Chiôn was roaming on Taygetos—right now no more than a hundred stadia away from the army, camping alone in the tall icy firs with a bright fire, hunting for Gorgos and his guard. He had come too late to ransom Nêto, and heard only that Erinna had failed to rescue her as Gorgos fled into the highlands. Chiôn now followed Gorgos in his flight to the upper reaches of Taygetos, since there was of yet no trace of Nêto back in his abandoned compound nor word of her with him in the upland. He assumed that her corpse had been either burned or buried, but he kept quiet and again promised only that he would come down the mountain with the head of Gorgos and a live Nêto by the time Mêlon arrived with Epaminondas.
For Nêto’s fate, Chiôn blamed Alkidamas, and Gastêr, and cursed the Korinthians for the foul ship and the delay with the Phokians. On arrival, he had given Nikôn all the ransom money of Malgis for his men, to keep them forging swords and fed as the helots left the farms in revolt in hopes of the arrival of Epaminondas. So now Chiôn was free of his obligations, and free to play out the finishing of Sparta to its end.
The Messenians had enough men in the valley to pursue the red-capes, but not enough mountain folk on high Taygetos, who knew the ways of woods and streams and how to live like the bear and the panther, to hunt down the packs of the fleeing Spartans and find the dead scent of Gorgos’s hideout. So Chiôn was hunting on the mountain, always on the heels of Kuniskos and his band that had left Ithômê two days before his arrival.
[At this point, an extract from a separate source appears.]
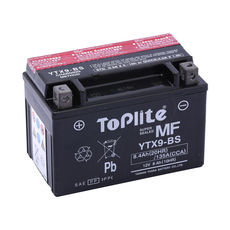TOPLITE YUASA - YTX9-BS (FARA INTR., INCL. ACID)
These Spartan kryptes boasted that they were scouts of the wild who could live on berries and game and slit the throat of the wayward helot. But they had never met a true wild man, never an animal like Chiôn who felt he at last had found his proper place—not a slave, not a free man, but a wild one now, beyond the rules of the polis, yet more free than any of the city-state. He was no politês, as he once dreamed but an agrios, an ômos who did not cook his food, but instead drank the milk of the wandering goats he strangled. He forgot Pythagoras and began eating meat again, raw, on the sly among the no-man pines. Soon all mention of Chiôn of Helikon ceased in these days as the Messenians figured he had perished among the wild animals on the mountain. Indeed, the shepherds told of a new nameless, half-human beast who broke the necks of Spartans and left them dangling by the heels from their trees, tied tight with their capes, and with a red beta smeared on their bare backs.
Finally the leaky Theôris of Gastêr pulled into Koronê, the port of the Messenians. Alkidamas and Ephoros headed to Ithômê with the helot crew, both the unarmed rowers and the ten marines. Gastêr followed from the docks a half day later, cursing that he had to put his feet on dry soil. He had expected to find dock men at the port, but now had to hike over to Messenê, in a war no less, to find a new cargo, and maybe a better ship and, of course, a new crew. He soon found Nikôn. “Who’s in charge, helot? Who to deal with? I need outgoing rowers and I am the man to hire to fetch your helots from up north. Ten owls per head from anywhere along the gulf. Give me a cargo for the north, and I’ll come back here in the south with more helots.”
It was the work of the philosopher Alkidamas now to stop the killing of helot traitors who had served the Spartan. He was determined that with his Athenian helots sensible statesmen might stop the chaos and plan out the infant government of a new Messenia. “We came to find our Nêto, and Erinna, but it would have been better to stay with Epaminondas for all the good we slow-foots have done. Pitch our camp, and muster the helots here to start the building of Proxenos’s third city. We can at least show Epaminondas when he arrives that we are Hellenes of the polis, not tribesmen in hides.”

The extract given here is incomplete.